Abstract

Purpose/Objective(s): Tumor control probability (TCP) measures the probability that no malignant cells are left in the affected organ. It is thus an important clinical metric for measuring treatment success. Zaider and Minerbo provide a complex yet important TCP formalism which links the treatment duration, dose deposit, radiobiology of tumor cells and cell life characteristics. We perform feasibility tests on TCP-driven biological planning for high dose rate brachytherapy (HDR) where the objective maximizes TCP of the resulting plans. Robustness of the planning is tested, and plan quality and potential outcome significance are evaluated. Materials/Methods: CT and 18F-fluorodeoxyglucose based-PET images are obtained for 15 cervical cancer patients. All received prior external beam radiation. The CTV prescribed dose is 5 Gy for 4 fractionations, with the PET-identified pockets prescribed an escalated dose ranging from 7.59.0 Gy per fraction. The treatment model determines the dwell time and seed location that maximizes TCP while constraining PTV coverage, the lower/upper dose, and dose-volume shape for organs-at-risk and PTV. Two alternative plans are contrasted: standard HDR plan and PET-pocket escalated plan. Results: TCP for standard plans ranges from 48-63% whereas TCP for PET-guided escalated plans ranges from 82-99%. The increase is most significant with the smallest PET-identified pockets. Uniformly, bladder and rectum receive 5-8% reduced dose. There is a marginal difference in PTV dose between the standard and escalated plans. All resulting TCPdriven plans are clinically acceptable.
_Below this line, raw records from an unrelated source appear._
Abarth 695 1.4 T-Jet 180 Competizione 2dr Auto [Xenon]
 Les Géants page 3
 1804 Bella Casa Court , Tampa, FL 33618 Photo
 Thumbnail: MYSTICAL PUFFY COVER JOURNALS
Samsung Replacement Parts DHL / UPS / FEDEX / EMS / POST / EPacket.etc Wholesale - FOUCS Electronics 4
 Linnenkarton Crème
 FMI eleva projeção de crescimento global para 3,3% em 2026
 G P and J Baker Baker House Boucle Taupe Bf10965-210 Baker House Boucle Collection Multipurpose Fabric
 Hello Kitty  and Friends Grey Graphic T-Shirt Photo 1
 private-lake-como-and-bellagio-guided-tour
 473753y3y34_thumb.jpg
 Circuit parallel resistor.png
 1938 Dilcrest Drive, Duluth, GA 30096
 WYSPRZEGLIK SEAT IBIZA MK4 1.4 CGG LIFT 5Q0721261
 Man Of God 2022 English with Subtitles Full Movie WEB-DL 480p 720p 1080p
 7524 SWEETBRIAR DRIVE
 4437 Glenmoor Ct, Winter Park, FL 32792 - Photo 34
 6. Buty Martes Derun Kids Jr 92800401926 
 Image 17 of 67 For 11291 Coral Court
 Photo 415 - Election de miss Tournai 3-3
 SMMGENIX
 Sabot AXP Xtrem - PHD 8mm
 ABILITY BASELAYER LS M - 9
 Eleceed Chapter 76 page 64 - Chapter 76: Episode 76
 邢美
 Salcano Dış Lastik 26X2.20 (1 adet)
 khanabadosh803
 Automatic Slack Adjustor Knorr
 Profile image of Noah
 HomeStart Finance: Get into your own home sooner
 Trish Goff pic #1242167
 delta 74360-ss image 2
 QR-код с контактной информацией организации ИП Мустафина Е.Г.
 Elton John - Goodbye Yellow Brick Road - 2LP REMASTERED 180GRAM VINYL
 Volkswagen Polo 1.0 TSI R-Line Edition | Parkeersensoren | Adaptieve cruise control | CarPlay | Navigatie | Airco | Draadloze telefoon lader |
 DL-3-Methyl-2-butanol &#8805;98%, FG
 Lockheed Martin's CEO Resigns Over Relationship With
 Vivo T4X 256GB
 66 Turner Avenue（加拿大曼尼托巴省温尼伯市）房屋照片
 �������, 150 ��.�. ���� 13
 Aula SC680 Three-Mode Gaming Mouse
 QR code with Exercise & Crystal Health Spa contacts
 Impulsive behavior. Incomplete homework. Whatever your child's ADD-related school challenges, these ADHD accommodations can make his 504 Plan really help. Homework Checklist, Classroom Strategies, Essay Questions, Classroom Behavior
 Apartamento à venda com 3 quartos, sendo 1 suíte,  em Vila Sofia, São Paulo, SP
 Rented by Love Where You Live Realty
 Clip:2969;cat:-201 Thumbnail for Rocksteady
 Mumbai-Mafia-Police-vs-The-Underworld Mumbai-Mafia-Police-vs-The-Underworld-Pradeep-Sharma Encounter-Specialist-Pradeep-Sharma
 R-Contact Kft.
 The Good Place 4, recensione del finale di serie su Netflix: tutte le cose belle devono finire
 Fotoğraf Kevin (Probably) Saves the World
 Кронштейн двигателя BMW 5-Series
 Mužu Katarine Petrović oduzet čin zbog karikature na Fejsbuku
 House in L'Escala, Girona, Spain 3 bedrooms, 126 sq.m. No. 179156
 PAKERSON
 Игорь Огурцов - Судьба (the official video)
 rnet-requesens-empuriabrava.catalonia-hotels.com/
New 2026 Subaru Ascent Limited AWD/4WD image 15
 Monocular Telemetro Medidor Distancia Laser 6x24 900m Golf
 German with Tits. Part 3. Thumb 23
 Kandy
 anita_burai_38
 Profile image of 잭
Conclusions: TCP can be a very important objective for treatment plan optimization. With advances in biological/functional imaging, there is an urgent need to incorporate radiobiological parameters and TCP within the planning process. This study marks the first use of TCP as the driving objective for treatment planning. Although the optimization problem is very difficult to solve and requires computational breakthroughs, the resulting plans improve significantly the overall local tumor control, and also reduce dose to organs at risk. Rush University began clinical studies in July 2011. A long term outcome study must be carried out to gauge the overall impact. Author Disclosure: E.K. Lee: None. F. Yuan: None. A. Templeton: None. R. Yao: None. K. Kiel: None. J. Chu: None.